Sheltered workshops have been in existence in Ireland since the mid-twentieth century. A Working Party is presently fulfilling the commitment made in the Programme for Prosperity and Fairness (PPF) to introduce a code of practice for the operation of sheltered workshops. It is looking particularly at workplace conditions, contractual status and remuneration of participants. The Department of Health and Children has also commenced a review of the whole area of funding for sheltered workshops.

Supported Employment

This area of service provision which is relatively new in terms of its development in Ireland is now entirely within the remit of the Department of Enterprise and Employment through FÁS. Initial funding of IR£4m (€5.08m) (increased to IR£5M/€6.35) is being allocated to groups of service providers who have formed themselves into consortia to provide a supported employment service in a particular location. This is an initiative devised to avoid duplication of services and promote cooperation rather than competition, with the ultimate benefit accruing to the service user.
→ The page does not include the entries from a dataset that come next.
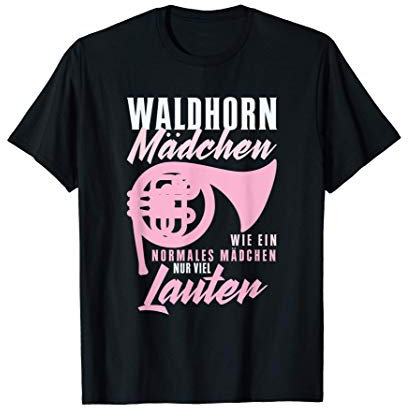 Waldhorn Mädchen Musiker Hornist Blaskapelle T-Shirt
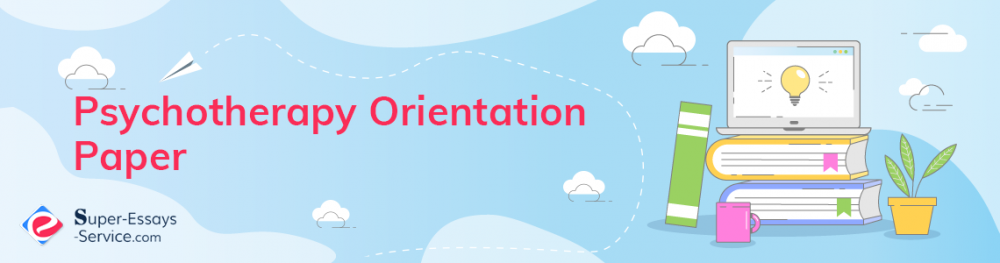 Psychotherapy Orientation Paper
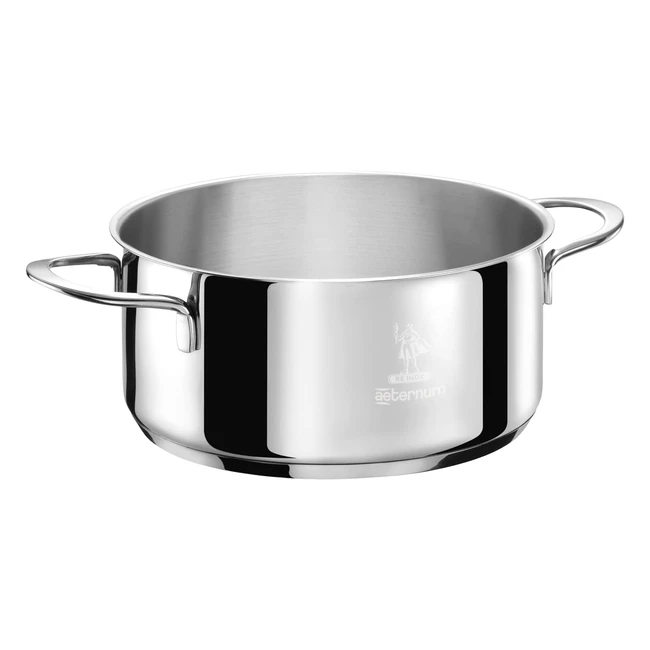 Casseruola Aeternum 2 Manici Acciaio Inox - Diametro 18 cm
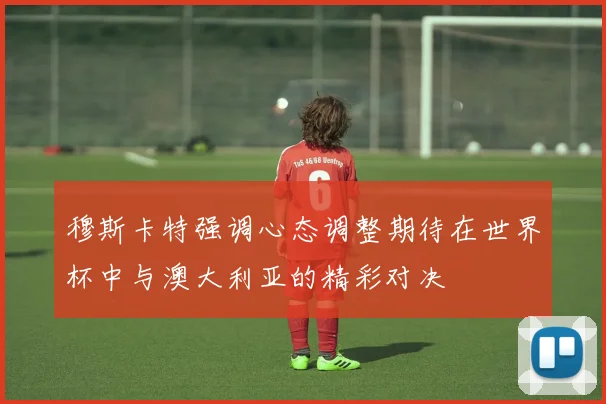 穆斯卡特强调心态调整期待在世界杯中与澳大利亚的精彩对决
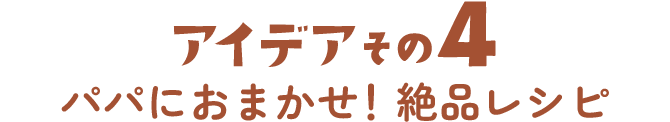 アイデアその4 パパにおまかせ！絶品レシピ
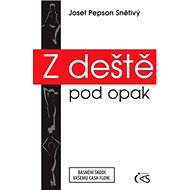 Z deště pod opak - Josef Pepson Snětivý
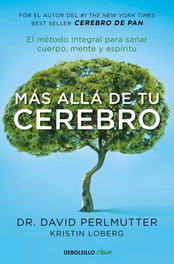 DEBOLSILLO, MÁS ALLÁ DE TU CEREBRO - David Perlmutter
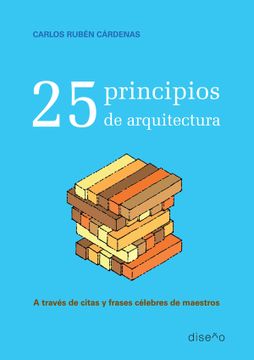 portada 25 Principios de Arquitectura. A Traves de Citas y Frases Celebres de Maestros (in Spanish)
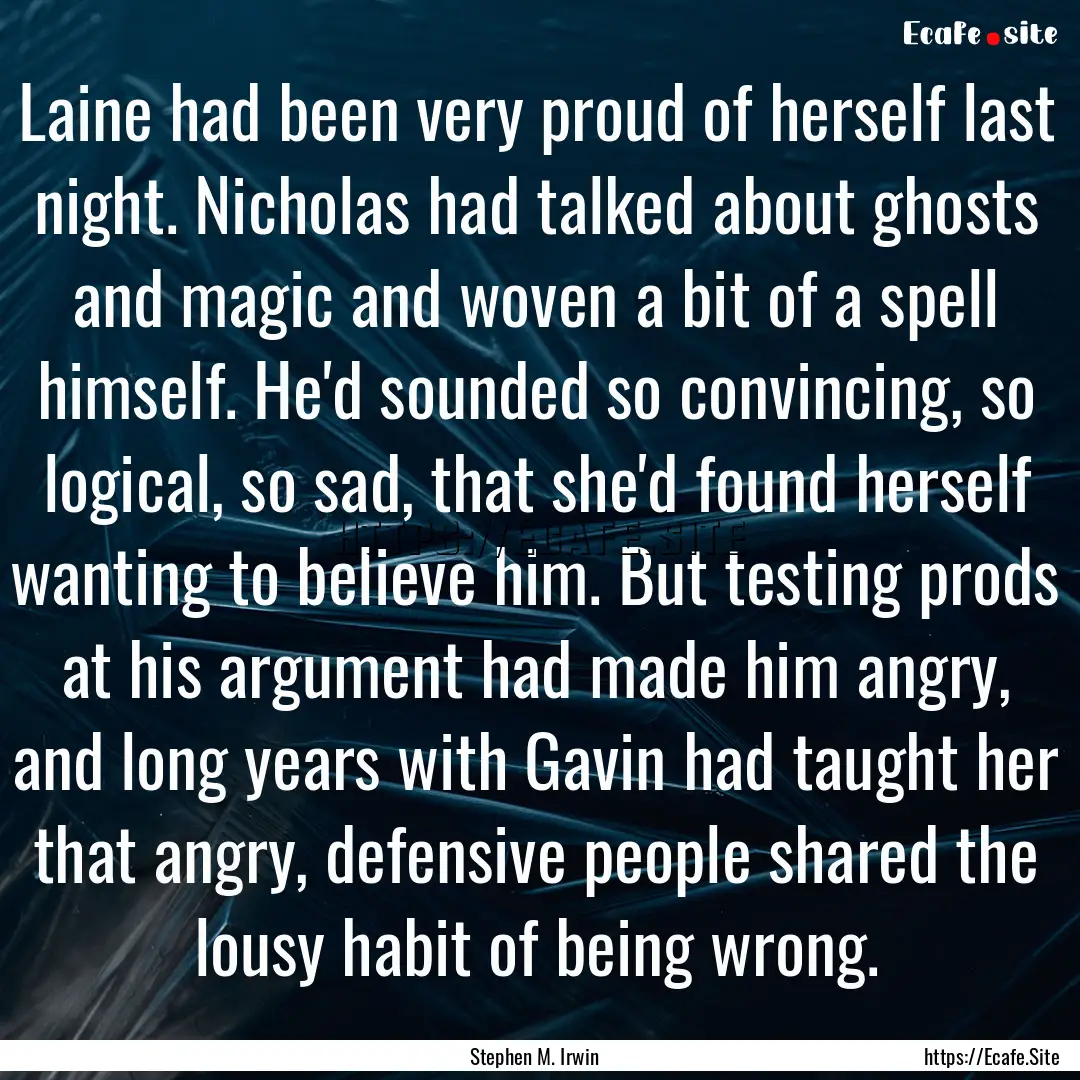 Laine had been very proud of herself last.... : Quote by Stephen M. Irwin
The response to a crisis in mainstream education yields unplanned benefits for young people with learning disabilities.

One of my early frustrations in training young people with Learning Difficulties was the total absence of statutory acknowledgement for their achievements. Many displayed those personal skills of flexibility, reliability, motivation and respect so often lacking in their mainstream peers. Many excelled in practical tasks only to find that because they couldn’t write about it they were excluded. There was no practical assessment available –truly the island of saints and scholars, only!
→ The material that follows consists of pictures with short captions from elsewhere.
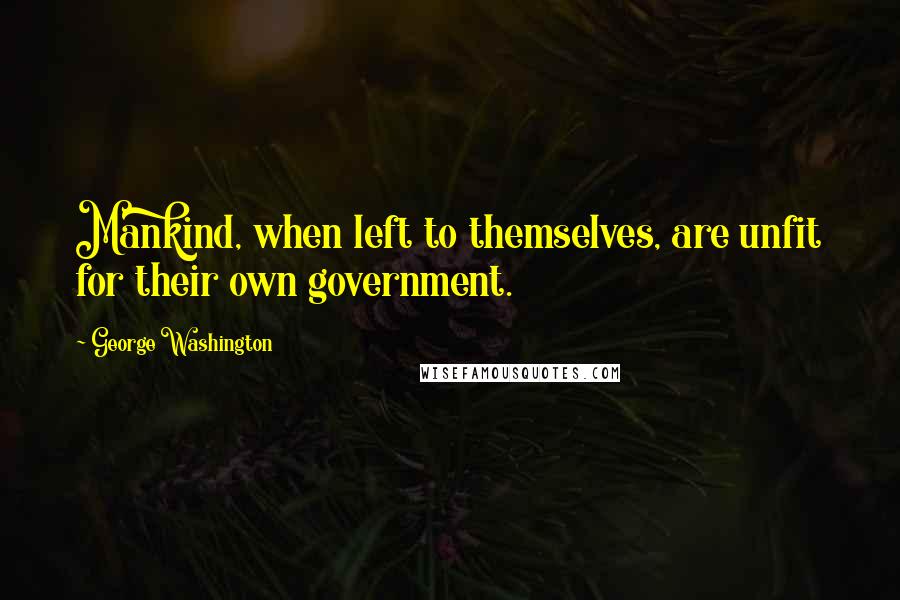 George Washington Quotes: Mankind, when left to themselves, are unfit for their own government.
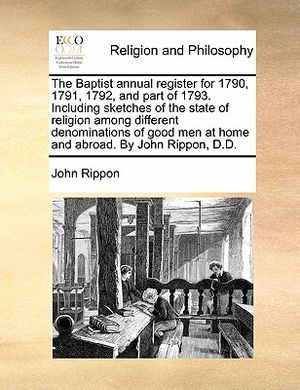 The Baptist Annual Register for 1790, 1791, 1792, and Part of 1793. Including Sketches of the State of Religion Among Different Denominations of Good image number 0
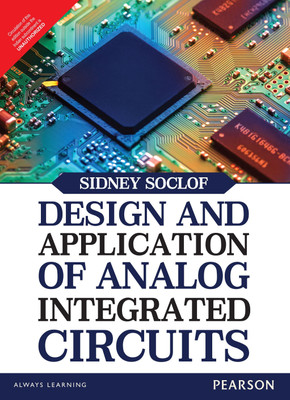 Design and Application of Analog Integrated Circuits,(English, Paperback, Sidney Soclof)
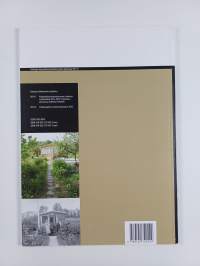 Klassismin hengessä : Elisabeth Kochin siirtolapuutarha Vallilassa : Vallilan siirtolapuutarhan kulttuurihistoriallinen selvitys: inventointi, arvotus, kehittämis...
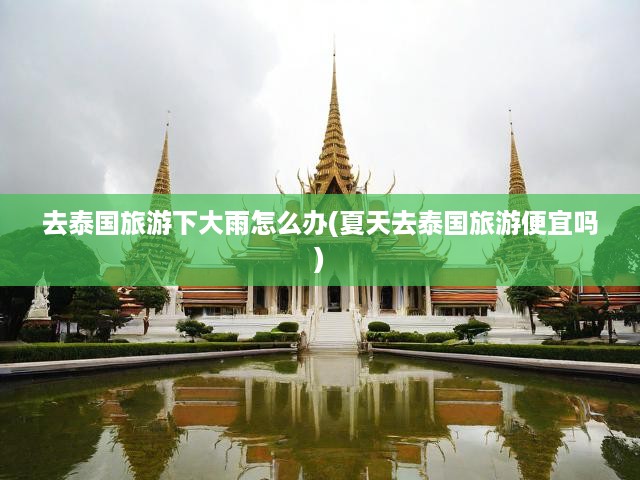 夏季泰國(guó)旅游遇大雨攻略，性?xún)r(jià)比解析及應(yīng)對(duì)大雨策略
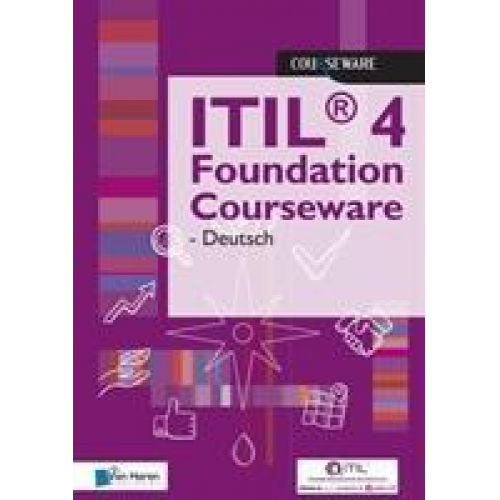 Van Haren Publishing - Itil(r) 4 Foundation Courseware - Deutsch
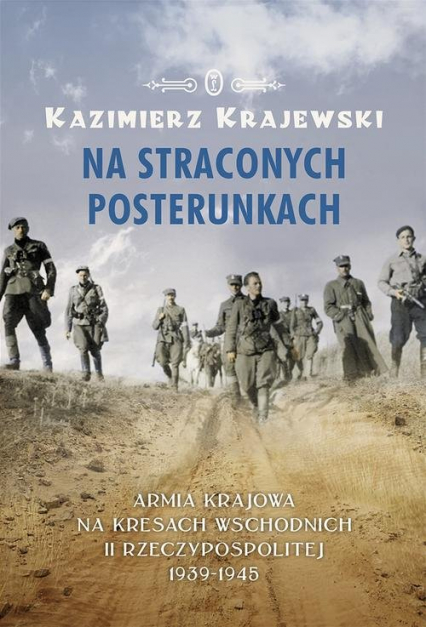 Na straconych posterunkach. Armia Krajowa na kresach wschodnich II Rzeczypospolitej 1939-1945 - Kazimierz Krajewski | okładka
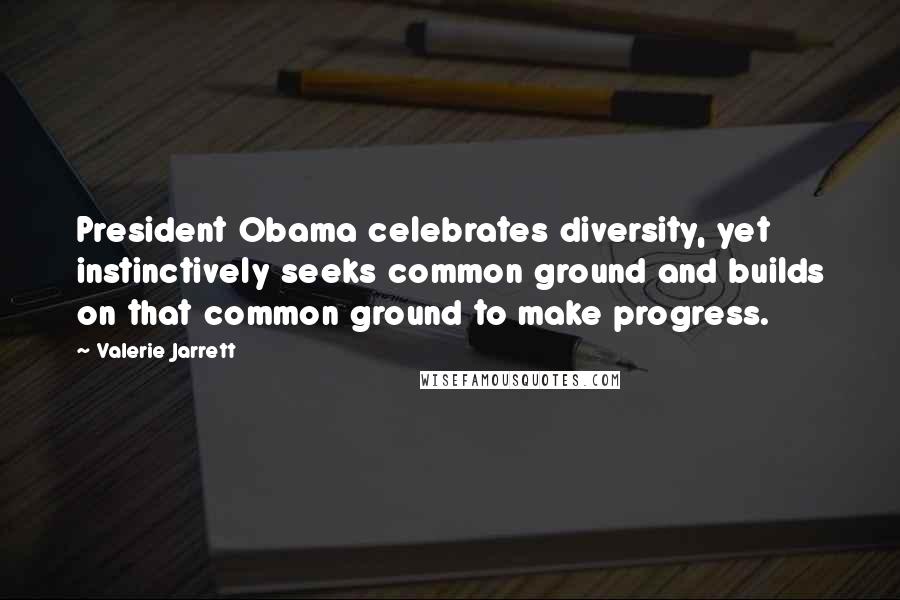 Valerie Jarrett Quotes: President Obama celebrates diversity, yet instinctively seeks common ground and builds on that common ground to make progress.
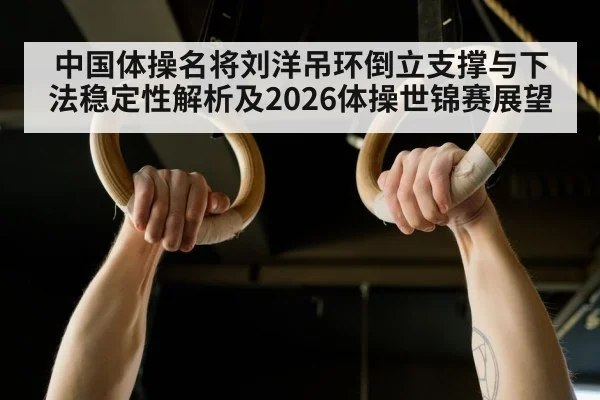中国体操名将刘洋吊环倒立支撑与下法稳定性解析及2026体操世锦赛展望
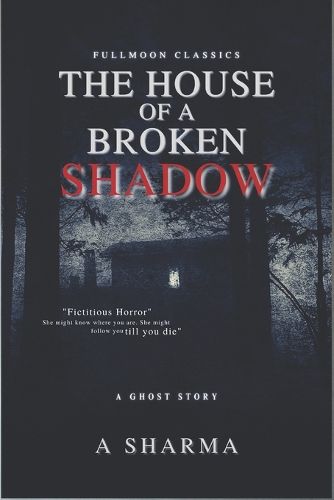 The House of A Broken Shadow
For a time the only means of acknowledging achievement was to present locally devised certificates which certainly highlighted positive attributes but no doubt served to rub salt into the already smarting wound of difference. In my own situation we pursued and obtained certification from a UK awarding body. For trainees there was a double bonus. Yes, they were getting official recognition for their talents and abilities but even more importantly they were completing a rite of passage previously denied and reaping rewards of confidence and raised self-esteem.

To me it was obvious that lack of access to statutory acknowledgement through certification deprived students or trainees of much more than ‘the piece of paper’. Fortunately a decade later that situation has changed entirely. Change did not however come about as a response to the needs of those young people described above. It happened because their peers in ‘mainstream’ were beginning to fall by the wayside in an education culture that defined the Holy Grail as high academic achievement. Those for whom this did not suit were voting with their feet and dropping out of the system. Their needs had to be met. So it was that Youth Reach came into existence as a service the National Council for Vocational Awards (NCVA) devised modules of a practical nature which were evaluated on the basis of a portfolio of work done at the students pace rather than in a terminal examination. These modules were graded from a foundation or entry level through level one, two and three.

Other initiatives such as Leaving Certificate Applied (LCA) and Junior Certificate School Programme (JCSP) emerged to facilitate a more hands-on, experiential type of learning.

At last access to education and training with its’ consequent acknowledgement of achievement was also a reality for those students/trainees described above.

Recent developments in the field have resulted from the passing of the Qualifications Act 1999. Under the Act the National Qualifications Authority of Ireland (NQAI) was established. Reporting to the Department of Education and Science its’ main function is to establish and maintain a National framework of qualifications from primary to higher level. It is charged with promoting transfer and progression from one programme to another for the learner. In an effort to put structure on the National certification system two awarding bodies were established:

  • Further Education and Training Awards (FETAC)
  • Higher Education and Training Awards (HETAC)

FETAC is now the awarding body for modules previously certified by NCVA; FÁS, TEAGASC, and CERT. When the National framework is established it is planned to align Irish qualifications with wider European ones to facilitate free movement of people.